MSX: A Computer Architecture Ahead of its Time

by Ben Beck

The Forgotten Consoles series has mostly focused on just that — consoles. But what about something like Microsoft Japan’s MSX architecture, ahead of its time and actually wildly popular in parts of the world, but swallowed up in the 90s by IBM-compatibles running MS-DOS, Windows 3.1, OS/2, and then Windows 95? This…is its story. *Law and Order donk donk noise*

Public domain image

Public domain image

We take compatibility for granted these days, in the world of PCs. Sure, if you’re a Mac owner there’s a host of software you can’t use even with the same Intel chipset under the hood as a PC (without using a PowerPC workaround), and it’s not like the upcoming Doom game is going to run flawlessly on a $399.99 Acer laptop you pick up at a grey market superstore. But for the most part, we expect PC software to run on PCs.

This was absolutely not the case through the 1970s, 1980s, and even through much of the 1990s. Competing personal computer manufacturers like Commodore, Texas Instruments, Atari, Apple, and IBM all tried their hardest to ensure that you had to buy one of their machines to run their software. While there were companies who made their bones selling clones of other machines (hello…Compaq) and companies like Tandy that seemed to “accidentally” provide compatibility for other computers’ machines, it was a world of closed architecture.

For companies that didn’t have skin in the home computer manufacture game, software and OS developers especially, this was frustrating. It was annoying for small production houses to program software not only for different machines, but for machines with significantly different boards with different processors. And since, especially in the 1980s, dev kits and dev manuals were woefully buggy, underwritten, or evem nonexistent, developers were left in the dark doing multi-platform development.
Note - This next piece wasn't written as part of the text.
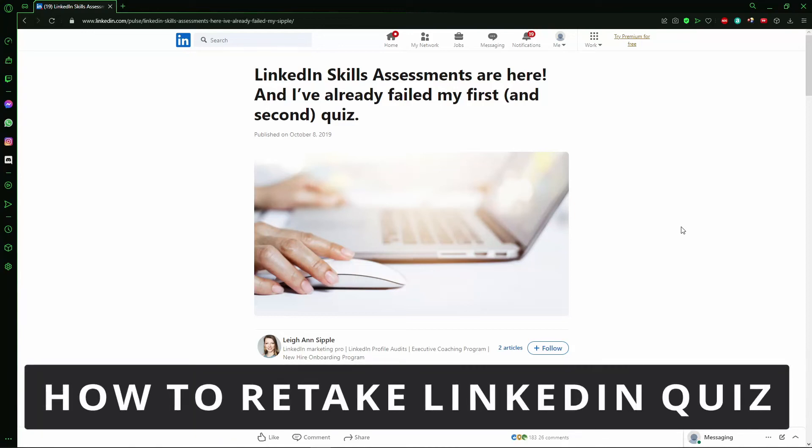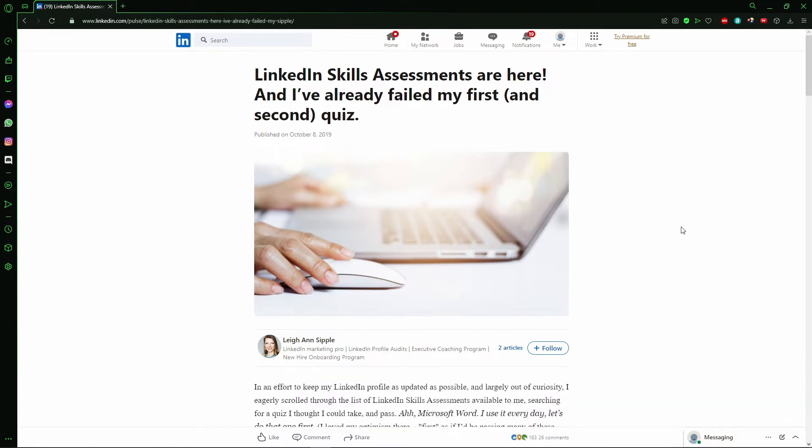Hello everybody, how's it going? Today I will teach you how to retake your LinkedIn quiz. The first thing you need to do is go to the link - click the first link in the description.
Nazuhiko Nishi, then vice-president of Microsoft Japan and the Director of Tokyo’s ASCII Corporation, viewed the recent slew of early-80s Japanese micro-computers from companies like NEC, Hitachi, Yamaha, and Fujitsu as an opportunity to implement some architectural standards into the industry. Inspired by the standardization of VHS that had happened several years prior, Nishi got to work developing a compatible architecture that would allow new companies like Panasonic, Casio, Bandai, and Pioneer to develop their own PCs.
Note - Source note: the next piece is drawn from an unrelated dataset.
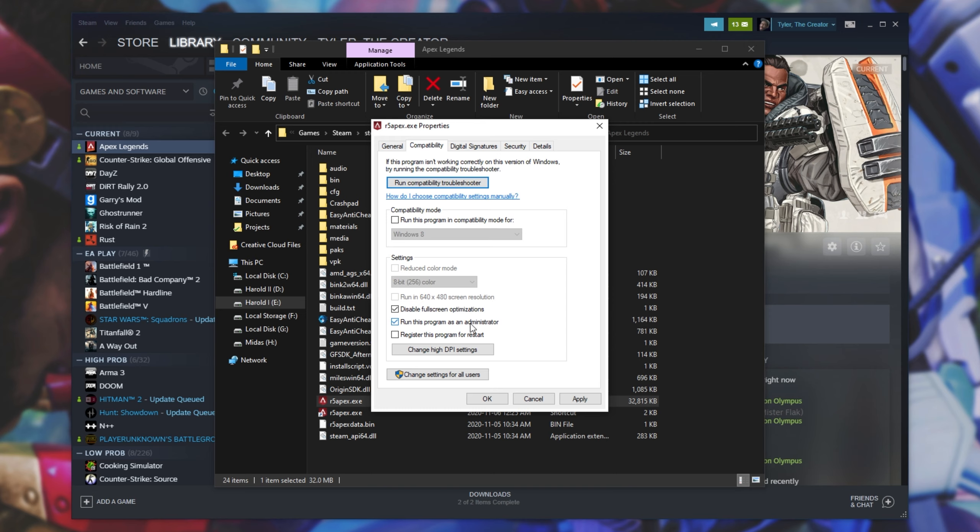Note that when this option here is checked or Steam is started as an admin, hotkeys inside of other programs such as Discord may cease to function. You'll have to launch them as admin as well if you'd like hotkeys there to work, such as push to mute, push to talk, etc.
Nishi’s vision was implemented through the combination of off-the-shelf parts similar to those found in the Spectravideo SV-328 computer: Zilog’s 3.58MHz Z80 CPU, Texas Instrument’s TMS9918 16kb VRAM graphics card, as well as General Instrument’s AY-3-890 sound chip. The result was something that tech company could easily put together and get running in no time.

While there were many plusses to this board, and indeed Nishi’s idea of a shared computer architecture, the machines failed to succeed outside Japan. One of the reasons for this was that it was very difficult to port existing software, especially games, from European systems like the ZX Spectrum due to how the Intel 8255 Programmable Peripheral Interface chip handled interaction with the keyboard — the most infamous example of this was Spectrum computer game ports to MSX systems were forced to use the clunky arrow keys as directional, rather than the industry standard “Q-A-O-P” system of steering.

Despite the MSX architecture not really catching fire in the crowded markets of Europe and the US, MSX did thrive in its home country, as well as various pockets worldwide. A number of game franchises, from Metal Gear, to Parodius, to Bomberman, all first appeared on the MSX computers.

As we take our PC compatibility for granted today, it’s important to remember that it wasn’t always like this, and that there were earlier attempts to allow developers an easier time in creating multi-platform software.

Just turns out Microsoft need another decade or so.